Below are some records; copy each line in them that contains "Mazda".

RECORDS PROVIDED:
· · ·
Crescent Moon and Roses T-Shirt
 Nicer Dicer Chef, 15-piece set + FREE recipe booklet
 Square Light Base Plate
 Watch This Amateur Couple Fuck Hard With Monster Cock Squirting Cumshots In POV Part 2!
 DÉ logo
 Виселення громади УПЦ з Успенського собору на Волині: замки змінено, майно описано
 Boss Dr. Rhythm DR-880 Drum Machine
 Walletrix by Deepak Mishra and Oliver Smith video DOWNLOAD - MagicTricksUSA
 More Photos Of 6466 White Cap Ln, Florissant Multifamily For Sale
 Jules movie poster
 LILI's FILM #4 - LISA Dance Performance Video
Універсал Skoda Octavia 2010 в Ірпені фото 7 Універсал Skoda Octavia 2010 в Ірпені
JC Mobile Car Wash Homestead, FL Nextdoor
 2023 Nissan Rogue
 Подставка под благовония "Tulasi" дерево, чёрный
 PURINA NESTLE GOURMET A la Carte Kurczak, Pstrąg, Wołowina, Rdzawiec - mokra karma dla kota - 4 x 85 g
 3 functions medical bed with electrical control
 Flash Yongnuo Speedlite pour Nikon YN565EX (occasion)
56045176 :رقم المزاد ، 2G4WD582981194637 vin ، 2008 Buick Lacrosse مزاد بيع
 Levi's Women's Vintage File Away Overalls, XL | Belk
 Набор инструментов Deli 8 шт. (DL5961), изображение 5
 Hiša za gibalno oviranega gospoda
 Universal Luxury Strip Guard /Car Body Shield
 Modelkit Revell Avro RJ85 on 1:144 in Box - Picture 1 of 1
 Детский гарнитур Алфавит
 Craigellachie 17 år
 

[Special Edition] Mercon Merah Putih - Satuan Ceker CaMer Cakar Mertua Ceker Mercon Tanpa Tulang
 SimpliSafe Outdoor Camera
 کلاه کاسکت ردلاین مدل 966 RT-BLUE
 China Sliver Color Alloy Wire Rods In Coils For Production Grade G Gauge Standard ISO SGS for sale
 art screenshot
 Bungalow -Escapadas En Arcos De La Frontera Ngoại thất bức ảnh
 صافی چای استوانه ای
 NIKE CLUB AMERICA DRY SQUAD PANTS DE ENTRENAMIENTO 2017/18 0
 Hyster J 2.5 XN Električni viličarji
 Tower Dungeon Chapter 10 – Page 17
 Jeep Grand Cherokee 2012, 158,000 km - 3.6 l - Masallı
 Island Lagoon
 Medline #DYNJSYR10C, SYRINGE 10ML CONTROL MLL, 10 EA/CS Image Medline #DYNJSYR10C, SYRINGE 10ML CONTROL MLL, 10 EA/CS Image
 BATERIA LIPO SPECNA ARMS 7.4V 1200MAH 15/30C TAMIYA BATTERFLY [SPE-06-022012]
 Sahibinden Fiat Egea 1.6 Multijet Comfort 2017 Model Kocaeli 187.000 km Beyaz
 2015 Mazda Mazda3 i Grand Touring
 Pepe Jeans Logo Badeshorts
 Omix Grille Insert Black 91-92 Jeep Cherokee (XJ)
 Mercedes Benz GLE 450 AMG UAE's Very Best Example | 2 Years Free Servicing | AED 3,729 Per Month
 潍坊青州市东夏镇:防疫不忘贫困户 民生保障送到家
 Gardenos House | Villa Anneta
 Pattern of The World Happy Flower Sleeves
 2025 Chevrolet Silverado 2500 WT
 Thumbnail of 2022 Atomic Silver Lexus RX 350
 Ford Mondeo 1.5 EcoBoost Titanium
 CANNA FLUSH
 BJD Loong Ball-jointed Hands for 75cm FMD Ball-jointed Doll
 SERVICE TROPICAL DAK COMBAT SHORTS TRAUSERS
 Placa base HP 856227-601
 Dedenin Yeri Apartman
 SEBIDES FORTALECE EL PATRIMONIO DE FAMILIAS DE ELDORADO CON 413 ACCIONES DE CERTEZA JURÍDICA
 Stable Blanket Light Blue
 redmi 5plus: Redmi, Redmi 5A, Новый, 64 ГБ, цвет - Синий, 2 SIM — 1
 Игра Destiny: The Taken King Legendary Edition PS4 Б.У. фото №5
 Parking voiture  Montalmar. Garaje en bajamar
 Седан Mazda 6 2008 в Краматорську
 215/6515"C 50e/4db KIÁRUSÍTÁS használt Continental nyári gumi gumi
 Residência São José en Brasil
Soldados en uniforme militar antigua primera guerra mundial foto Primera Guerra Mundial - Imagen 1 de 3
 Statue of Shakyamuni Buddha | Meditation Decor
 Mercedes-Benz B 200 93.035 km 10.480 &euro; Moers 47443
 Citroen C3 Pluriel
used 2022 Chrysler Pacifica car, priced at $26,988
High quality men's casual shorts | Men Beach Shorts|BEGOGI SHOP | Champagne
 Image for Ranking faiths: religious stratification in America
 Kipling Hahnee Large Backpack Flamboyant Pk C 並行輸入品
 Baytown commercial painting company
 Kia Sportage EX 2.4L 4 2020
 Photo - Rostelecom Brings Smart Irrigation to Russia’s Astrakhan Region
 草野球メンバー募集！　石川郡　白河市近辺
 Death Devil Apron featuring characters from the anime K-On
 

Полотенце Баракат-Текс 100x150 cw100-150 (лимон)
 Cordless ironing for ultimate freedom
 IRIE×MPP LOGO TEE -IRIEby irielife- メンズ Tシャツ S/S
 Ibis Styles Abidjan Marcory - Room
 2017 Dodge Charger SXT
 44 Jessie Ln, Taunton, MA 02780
· · ·
EXERCISE SOLUTION:
 2015 Mazda Mazda3 i Grand Touring
 Седан Mazda 6 2008 в Краматорську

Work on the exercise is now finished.